Разве что закадровый авторский комментарий, закадровые монологи – «старое испытанное» средство...
– Нет, только не это. В кинематографе авторский голос сегодня утрачивает свою выразительность. Некоторые мысли – я говорю о больших, глобальных идеях – нельзя сводить к словесному изложению. Внутренний монолог киногероя подразумевает не закадровый голос, а определенный ряд зрительных представлений. В этом смысле какой-нибудь сто раз цитированный на экране ледоход говорит мне неизмеримо больше о чувствах героя, чем самый взволнованный и проникновенный актерский голос, звучащий за кадром.
Я убедился в этом, когда сделал свой последний фильм. Пожалуй, самое нелепое в «Странных людях» – это авторские комментарии. Мне-то казалось, что они могут связать разрозненные части повествования, нечто прояснить для зрителя. Я тешил себя этой иллюзией авторского присутствия – даже сам читал текст за кадром. Теперь же с особенной остротой понимаю, что не может быть прямого альянса с литературой на съемочной площадке. Кино – это кино. И если когда-нибудь мне придется экранизировать роман о Степане Разине, я буду жестко соблюдать требования экрана.

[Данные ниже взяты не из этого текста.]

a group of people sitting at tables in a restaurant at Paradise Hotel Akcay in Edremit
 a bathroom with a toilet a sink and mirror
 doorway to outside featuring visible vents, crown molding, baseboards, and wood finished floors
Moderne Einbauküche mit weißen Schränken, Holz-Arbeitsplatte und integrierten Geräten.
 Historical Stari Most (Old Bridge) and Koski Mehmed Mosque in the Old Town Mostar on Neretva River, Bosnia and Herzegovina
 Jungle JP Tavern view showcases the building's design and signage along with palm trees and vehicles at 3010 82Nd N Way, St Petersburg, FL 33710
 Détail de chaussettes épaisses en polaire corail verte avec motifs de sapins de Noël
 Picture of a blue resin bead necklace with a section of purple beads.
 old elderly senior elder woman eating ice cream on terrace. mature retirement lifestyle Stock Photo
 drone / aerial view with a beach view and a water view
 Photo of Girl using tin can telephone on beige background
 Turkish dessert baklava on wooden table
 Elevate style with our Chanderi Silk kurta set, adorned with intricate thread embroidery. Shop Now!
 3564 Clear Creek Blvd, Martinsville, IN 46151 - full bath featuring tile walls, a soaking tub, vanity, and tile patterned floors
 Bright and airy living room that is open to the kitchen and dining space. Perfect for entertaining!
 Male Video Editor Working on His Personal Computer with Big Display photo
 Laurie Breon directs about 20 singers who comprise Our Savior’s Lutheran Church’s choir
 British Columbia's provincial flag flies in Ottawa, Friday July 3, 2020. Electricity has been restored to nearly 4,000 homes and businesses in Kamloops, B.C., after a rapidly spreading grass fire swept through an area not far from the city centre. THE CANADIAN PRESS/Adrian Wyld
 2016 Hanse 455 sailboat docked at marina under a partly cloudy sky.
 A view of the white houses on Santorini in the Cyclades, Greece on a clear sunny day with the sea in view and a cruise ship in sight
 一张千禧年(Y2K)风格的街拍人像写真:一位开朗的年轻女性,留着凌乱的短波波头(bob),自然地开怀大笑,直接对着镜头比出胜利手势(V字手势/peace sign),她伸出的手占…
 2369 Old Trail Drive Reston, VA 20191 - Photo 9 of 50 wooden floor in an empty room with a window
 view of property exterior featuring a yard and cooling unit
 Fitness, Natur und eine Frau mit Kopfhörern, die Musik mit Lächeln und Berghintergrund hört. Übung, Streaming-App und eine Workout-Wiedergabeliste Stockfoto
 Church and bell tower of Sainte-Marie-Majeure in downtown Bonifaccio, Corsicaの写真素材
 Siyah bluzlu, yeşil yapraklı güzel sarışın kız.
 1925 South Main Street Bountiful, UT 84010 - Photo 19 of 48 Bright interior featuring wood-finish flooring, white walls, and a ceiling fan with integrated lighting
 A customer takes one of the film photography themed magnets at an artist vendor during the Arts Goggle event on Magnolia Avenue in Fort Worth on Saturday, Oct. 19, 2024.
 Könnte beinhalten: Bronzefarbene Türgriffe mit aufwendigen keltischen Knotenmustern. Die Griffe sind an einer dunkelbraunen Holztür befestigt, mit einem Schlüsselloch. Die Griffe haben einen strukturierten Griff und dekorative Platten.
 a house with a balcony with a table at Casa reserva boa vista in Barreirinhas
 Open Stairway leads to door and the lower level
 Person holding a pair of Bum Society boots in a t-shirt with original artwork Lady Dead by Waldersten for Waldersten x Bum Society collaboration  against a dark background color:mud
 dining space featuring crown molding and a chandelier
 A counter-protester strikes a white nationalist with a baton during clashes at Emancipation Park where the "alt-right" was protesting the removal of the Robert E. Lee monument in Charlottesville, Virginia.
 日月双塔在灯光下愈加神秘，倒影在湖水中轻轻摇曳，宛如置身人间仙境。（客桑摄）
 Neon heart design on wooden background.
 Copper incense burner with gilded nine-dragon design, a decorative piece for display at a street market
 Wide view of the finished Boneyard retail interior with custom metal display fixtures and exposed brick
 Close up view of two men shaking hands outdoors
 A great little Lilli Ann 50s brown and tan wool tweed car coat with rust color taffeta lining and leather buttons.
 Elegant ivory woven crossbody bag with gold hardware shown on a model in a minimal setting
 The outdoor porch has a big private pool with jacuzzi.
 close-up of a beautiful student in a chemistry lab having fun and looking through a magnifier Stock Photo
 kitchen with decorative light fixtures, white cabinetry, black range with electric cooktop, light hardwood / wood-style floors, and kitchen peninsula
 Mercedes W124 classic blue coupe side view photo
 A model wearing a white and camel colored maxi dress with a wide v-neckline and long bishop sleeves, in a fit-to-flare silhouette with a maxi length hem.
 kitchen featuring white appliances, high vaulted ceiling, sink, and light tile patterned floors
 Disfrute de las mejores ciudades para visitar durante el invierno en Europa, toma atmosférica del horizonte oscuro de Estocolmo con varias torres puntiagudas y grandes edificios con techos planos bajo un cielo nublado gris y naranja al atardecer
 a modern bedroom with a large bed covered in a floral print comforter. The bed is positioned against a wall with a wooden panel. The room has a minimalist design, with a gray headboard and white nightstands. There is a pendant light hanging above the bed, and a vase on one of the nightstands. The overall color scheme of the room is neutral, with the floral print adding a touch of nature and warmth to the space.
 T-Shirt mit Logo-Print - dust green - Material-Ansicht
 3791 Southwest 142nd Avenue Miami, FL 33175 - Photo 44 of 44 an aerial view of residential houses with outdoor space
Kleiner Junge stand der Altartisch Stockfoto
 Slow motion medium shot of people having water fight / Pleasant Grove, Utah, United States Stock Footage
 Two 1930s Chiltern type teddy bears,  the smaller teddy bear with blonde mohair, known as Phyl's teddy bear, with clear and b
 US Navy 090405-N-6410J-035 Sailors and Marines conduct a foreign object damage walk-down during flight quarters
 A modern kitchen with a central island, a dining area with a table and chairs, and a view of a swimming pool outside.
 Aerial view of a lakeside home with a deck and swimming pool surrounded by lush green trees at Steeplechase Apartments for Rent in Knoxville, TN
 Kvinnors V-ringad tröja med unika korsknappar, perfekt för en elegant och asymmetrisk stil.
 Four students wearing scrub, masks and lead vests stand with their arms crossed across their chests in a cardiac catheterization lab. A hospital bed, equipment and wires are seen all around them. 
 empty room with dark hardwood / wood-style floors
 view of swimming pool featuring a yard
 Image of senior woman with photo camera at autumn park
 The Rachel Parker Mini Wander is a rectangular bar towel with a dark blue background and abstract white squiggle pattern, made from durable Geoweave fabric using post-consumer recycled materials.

Конечно, кинематографу тоже доступно изобретение внутренней жизни человека, хотя порой к этому приходится идти чрезвычайно сложным, ассоциативным путем. Я бы сказал, что литература в этом отношении... ну, демократичнее, что ли... Слово – универсальный посредник между читателем и художником. И, кроме того, на протяжении многих веков литература выработала свои приемы, свою систему условностей. В кинематографе все сложнее. В поисках кинематографической выразительности, в потоке зрительных ассоциаций можно потерять самого героя, а с ним и понимание, и сочувствие зрителя.
А что может быть страшнее зрительского равнодушия, непонимания, а то и недоумения перед произведением, которое ты, автор, считаешь для себя программным.
Да будь ты трижды современный и даже забегай с «вопросами» вперед – все равно ты должен быть интересен и понятен. Вывернись наизнанку завяжись узлом, но не кричи в пустом зале. Добрые, искренние, человечные слова тоже должны греметь. Гремят же на площадях в мире слова недобрые, фальшивые. Пусть и добро вооружается! Келейные разговоры о красоте, истине только обессиливают человечество перед ликом громогласного, организованного зла. Если же кто сказал слова добрые и правдивые и его не услышали – значит, он не сказал их.
Есть еще одно препятствие, нередко встающее между режиссером и зрителем. Не знаю даже, как «это» назвать. Сказать «натурализм»? Пожалуй, неточно. Ну да не в термине дело. А суть вот в чем. Когда я, к примеру, писал роман о Разине, я очень четко понимал: чтобы осилить такую тему, надо всерьез и до конца сознавать, что человек, принявший в сердце народную боль, поднимает карающую руку от имени народа. Да, Степан Разин был жесток. Но с кем? Если человек силен, то он всегда с кем-то жесток, а с кем-то нет. Во имя чего он жесток? Если во имя власти своей – тогда он, сильный, вызывает страх и омерзение. Тогда он – исторический карлик, сам способный скулить перед лицом смерти: она сильнее, она разит его. Степан не может быть так жесток. И надо ли считать, спустя столько веков, сколько нанес он ударов и не было ли, на наш взгляд, лишних?
Но если с абсолютной точностью воспроизвести на экране все описанные в романе сцены пыток и казней, то можно вызвать у зрителя что-то вроде шока, который помешает воспринимать и оценивать происходящее так, как только хотелось бы автору. Писатель может не ставить себе никаких ограничений – в литературном произведении, где слово играет эстетическую роль, самые жестокие сцены воспринимаются как художественная картина. К тому же восприятие этих сцен проходит при активном посредничестве писателя, который может впрямую обратиться к читателю, настроить его на определенное отношение ко всем происходящим событиям, ко всем поступкам героев. Перенося свой роман на экран, я должен буду избирательно отнестись ко многим сценам. Причина тому – все та же высокая образная насыщенность кинематографа. Мне, режиссеру, многое предстоит показать опосредованно, помогая зрителю домысливать то, что будет прямо изображено на экране.